Es wurden keine konkreten Maßnahmen zur Bewältigung der Klimakatastrophe und des Biodiversitätsverlustes vorgestellt. Lediglich eine „vernünftige“ Klimapolitik, insbesondere im Wohnungsbau, wurde vorgeschlagen. Ob die durchaus berechtigten Prozeduren wirklich für die hohen Preise und die schleppenden Fortschritte der Bauunternehmen verantwortlich sind, bleibt jedoch fraglich. Die Richtung der neuen Regierung scheint klar: Die Zukunft künftiger Generationen wird durch kurzfristige wirtschaftliche Maßnahmen und das (hoffentlich) damit einhergehende Wachstum belastet.

Zehn Jahre später

Wohnungsbau, Bildung, Digitalisierung und erneuerbare Energien – die Prioritäten der CSV im Wahlkampf waren klar. Nach rekordverdächtigen fünf Wochen Koalitionsverhandlungen bleibt jedoch festzuhalten, dass sich die CSV nicht an die schwierigen Themen herantraute. Wiseler, Gloden und Hansen wurden nicht müde, die vorige Regierung, und insbesondere die Gesundheitspolitik, zu kritisieren, trauten sich jedoch scheinbar nicht an dieses Dossier heran. All diese Dossiers sind nun bei der DP gelandet. Wer also in fünf Jahren als Sündenbock verkorkster Bildungs-, Wohnungsbau- oder Energiepolitik dastehen darf, scheint klar zu sein. Das hat jedoch wenig mit politischem Mut und dem Willen zu tun, wirklich etwas in diesem Land zu verändern. Fraglich, warum die DP bereit war, diese Aushandlung mit einzugehen. Die pure Lust, an der Macht zu bleiben?
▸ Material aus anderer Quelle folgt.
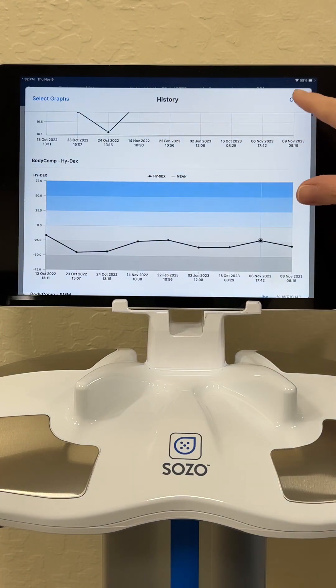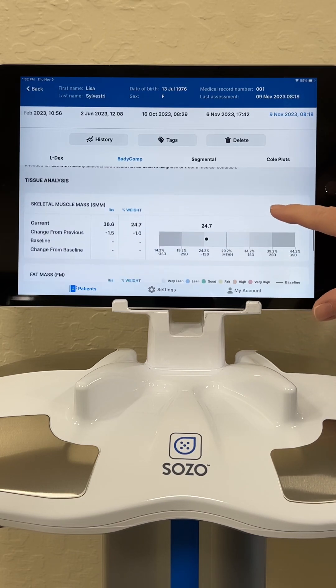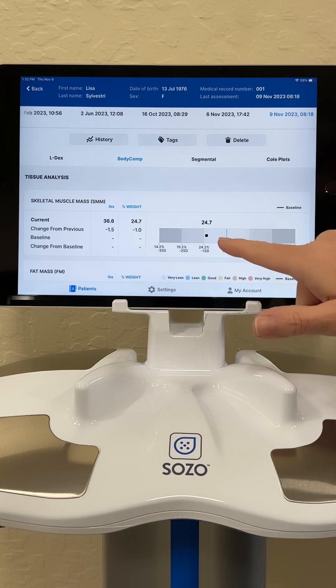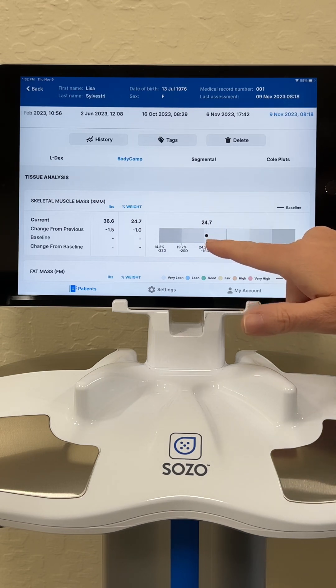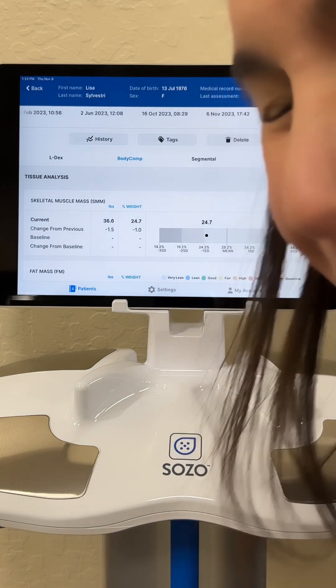Let's go back to looking at the measures right now and look at my tissue analysis. When we're looking at tissue analysis, we break down what percentage of our body is skeletal muscle mass and what percentage is fat mass. You can see that I've fallen off the wagon — my skeletal muscle mass is relatively low. I have not been working out, I have not been doing what I preach, and I'm paying for it. And if I scrolled even further, you would see that my fat mass has gone way up — but I'm not going to show you that.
1) https://www.wort.lu/politik/luc-frieden-gratis-politik-fuer-alle-ist-nicht-finanzierbar/1390382.html

Ujheen
22. November 2023 - 12.27

@ Max Molitor De Frust vun Äech an Äere Parteikollegen an Éieren, mais gitt Äech dach net déi Bléisst mat esou oarmséilege Bäiträg wéi deen heiten…Äer Parteikollegen hunn och net ëmmer alles gutt gemeet, dat ass leider esou an der Politik… Genéisst d‘Liewen a bleift monter.

den tutebatty
22. November 2023 - 9.20

Kurz und bündig auf den Nenner gebracht: Luc der Märchenonkel.